Punch down for long enough and you’ll end up hitting rock bottom. That appeared to be the creative direction of The Footy Show for years before it was executed in the dark this week.
The new hosts — a line-up of wonderful new faces in Fox Footy’s Neroli Meadows and tennis champion Dylan Alcott — were notified of their sacking only after the credits rolled on Thursday.
“We remain committed to the AFL and creating great AFL content, and we will continue to focus on new ways to engage audiences who love the code,” Nine’s Melbourne managing director Matt Scriven said in a statement, sent as Meadows signed off: “See you next week.”
There were 735 episodes of The Footy Show. It was a part of our lives for 25 years and went on to be Australia’s longest-running sports entertainment program during prime time.
Fewer than 14,000 people watched the last show in Perth. But the death knell started ringing last week when it reached a ratings low in its home town of Melbourne, with just 53,000 viewers turning in.
The new iteration featured none of the original on-air personalities in Eddie McGuire or Sam Newman and lasted only eight episodes.
When McGuire and Co. started out in 1994 they were given six weeks to make it rate. During the halcyon days of the late 1990s and early 2000s, it consistently finished in the top 20 programs of the year, especially the popular grand final special.
Every footy season viewers could be certain of one thing, no matter how badly your team did the Thursday night institution would always make you laugh. It was a ratings hit and an advertiser’s dream. It was also the Tony Lockett of the Logies, every year taking home a haul of biscuits from TV’s night of nights.

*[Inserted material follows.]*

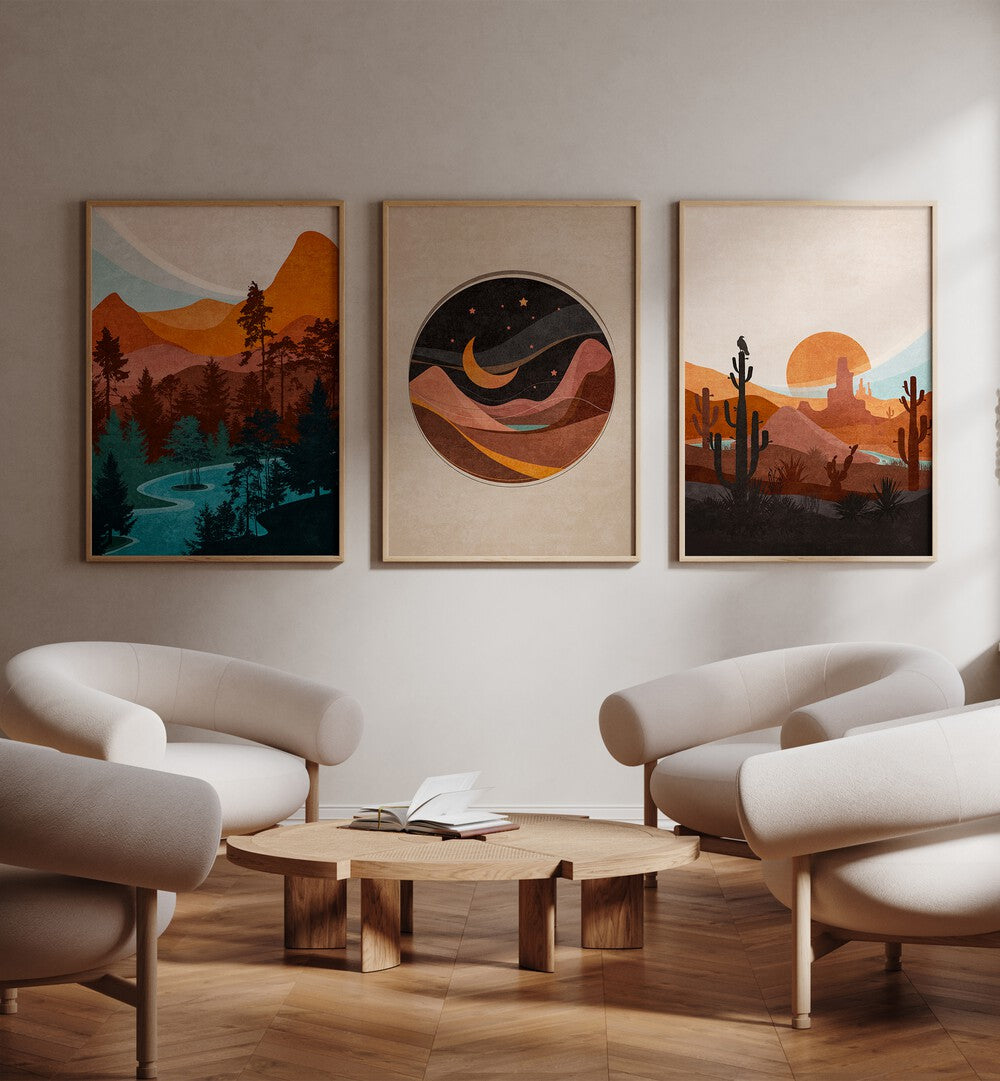 Abstract Landscape Set Of 3 Paintings in Oak Wood Plain Frame placed on a living room wall behind a sofa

Sam’s Street Talk was comedy gold when the pampered Newman strolled the streets of Melbourne’s less glitzy postcodes. Shane Crawford made the big men cry more than once by raising close to $1 million for the Breast Cancer Network Australia.
Newman and McGuire were in their prime as footy Rain Men, reeling off stats, correctly predicting match-ups and calling in the most-talked about players to appear on their panel.
They even managed to broker a peace deal between former North Melbourne teammates Wayne Carey and Glenn Archer after Carey was caught out sleeping with the wife of another teammate at Archer’s house.
But as the tectonic plates of TV, sport and society started to shift, McGuire and his “yeah the boys”-type co-hosts chose to ride the bumps instead of jumping on the wave of change. In 2008, Trevor Marmalade — the show’s barfly who kept the cast in check with his witty comebacks and self-deprecating jokes — left his post after 15 years.
It dawned on viewers that during Street Talk Newman wasn’t laughing with his subjects, he was laughing at them. The annual revue turned into a circus when Brendan Fevola met then circulated revenge porn of Lara Bingle, who was engaged to the Australian cricket captain at the time, Michael Clarke.
Ratings began to slide.
Newman began to make headlines for a slew of controversies, one in which he manhandled a mannequin dressed in lingerie to resemble respected football journalist Caroline Wilson.
He was at the centre of another storm for seemingly making crude remarks about former Tasmanian MP Paula Wriedt when she was on the show talking about the State’s bid for an AFL licence.
“We couldn’t get her on, could we?” Newman said of the pre-recorded chat. Hosts James Brayshaw and Garry Lyons reacted before he chimed in with: “It’s worthy of coming on her.”
He refused to apologise. Instead, he issued a bloated, pompous response. “I have been erroneously accused because I didn’t have any intention of saying anything that could develop into what it became,” Newman said without realising it would have taken less time and energy to just say: “Sorry you got offended.”
These followed him dressing in blackface when Nicky Winmar cancelled an appearance on the show in 1999 and being sued by philanthropist, AFLW founder and former vice-president of the Western Bulldogs Susan Alberti for defamation.
As the wheels began to fall off, the drivers refused to pull over. McGuire and Newman stepped aside only last year. Both were incapable of appreciating the world had moved on. With the arrival of social media and streaming services, TV stars needed to work smarter to hold onto their audiences. Some fans blamed the “snowflake generation” while critics saw a show run by tone-deaf blokes struggling for relevance.
McGuire, Newman and The Footy Show did great things for the sporting entertainment industry. Their show made the AFL more accessible and our weeknights more fun, but their Marie Antoinette-type refusal to secede didn’t help the show, which was in more trouble than France in 1780s.
Now there is no cake left to eat or court to play in. The party is officially over.